HARDY 254 DIESEL TRACTOR CAB


----------



## Durwood (Sep 16, 2003)

Maybe i read it wrong Chief , but i think that is the price of the cab only that fits that particular tractor.


----------



## greg_g (Jan 12, 2004)

*close.....no cigar*

I wouldn't pay it, but I think that $2499 is just for the cab option Chief. Take a look at http://www.chinadiesel.com/trac/Tractor Implements.htm. Looks like an entry level tractor is the 254T; no power steering, no live PTO, no diff lock, and turf tires is $5995


----------



## jodyand (Sep 16, 2003)

I think your right it says (Perfect for snow blowing, no heat required, heat from tractor adequately warms Tractor CAB.)

Thats sounds like its just the cab. 
Jody


----------



## Greg (Sep 16, 2003)

This makes it easier to see it's just the cab.

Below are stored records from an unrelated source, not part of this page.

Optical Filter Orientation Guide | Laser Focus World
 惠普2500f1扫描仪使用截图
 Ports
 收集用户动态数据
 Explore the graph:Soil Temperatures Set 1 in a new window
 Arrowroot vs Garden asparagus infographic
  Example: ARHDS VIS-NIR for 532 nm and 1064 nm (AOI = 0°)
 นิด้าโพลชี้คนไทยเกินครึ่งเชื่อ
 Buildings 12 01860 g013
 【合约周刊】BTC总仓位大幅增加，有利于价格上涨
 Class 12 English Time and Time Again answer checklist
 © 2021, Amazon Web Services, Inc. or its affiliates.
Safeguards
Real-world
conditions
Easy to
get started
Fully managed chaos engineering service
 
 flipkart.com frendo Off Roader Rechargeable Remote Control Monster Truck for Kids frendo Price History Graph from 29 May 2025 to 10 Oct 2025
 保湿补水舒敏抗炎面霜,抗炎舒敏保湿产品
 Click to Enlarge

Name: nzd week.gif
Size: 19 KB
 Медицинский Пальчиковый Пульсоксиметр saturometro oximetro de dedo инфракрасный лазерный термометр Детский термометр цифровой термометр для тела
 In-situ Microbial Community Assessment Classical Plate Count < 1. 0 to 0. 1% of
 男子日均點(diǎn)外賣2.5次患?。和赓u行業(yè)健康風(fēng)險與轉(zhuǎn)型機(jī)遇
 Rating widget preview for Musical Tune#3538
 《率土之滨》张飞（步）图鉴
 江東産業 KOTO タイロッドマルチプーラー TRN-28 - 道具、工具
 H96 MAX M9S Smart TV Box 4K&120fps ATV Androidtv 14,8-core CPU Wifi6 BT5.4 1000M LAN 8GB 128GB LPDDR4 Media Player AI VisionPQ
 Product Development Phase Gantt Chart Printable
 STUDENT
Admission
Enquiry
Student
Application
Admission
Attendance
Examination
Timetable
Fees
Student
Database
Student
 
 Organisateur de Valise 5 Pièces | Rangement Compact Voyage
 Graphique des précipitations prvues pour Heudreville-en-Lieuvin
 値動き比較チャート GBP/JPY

http://www.chinadiesel.com/trac/Tractor.htm


----------



## Live Oak (Dec 22, 2003)

Yep! You guys are right. Pardon me while I wash the egg off my face. ig: :duh: :bull: :monkey: :yin: I got all excited about it and ate my shorts on the "Evelen Woodhead Speed Reeding & Comprihention " part of the ad. Guess this puts me in the running for the FUOTM award!  :clown: :crazy: :nerd: :hide: Good eye guys!


----------



## Argee (Sep 17, 2003)

> _Originally posted by Chief _
> * Guess this puts me in the running for the FUOTM award!  :clown: :crazy: :nerd: :hide: Good eye guys! *


I've won that award a lot. Welcome to the elite club. :lmao:


----------



## Chris (Sep 15, 2003)

Ate your shorts? Can you get that on video for us here, Chiefy? 
artyline


----------



## guest (Sep 16, 2003)

well, it is a spiffy looking cab...


----------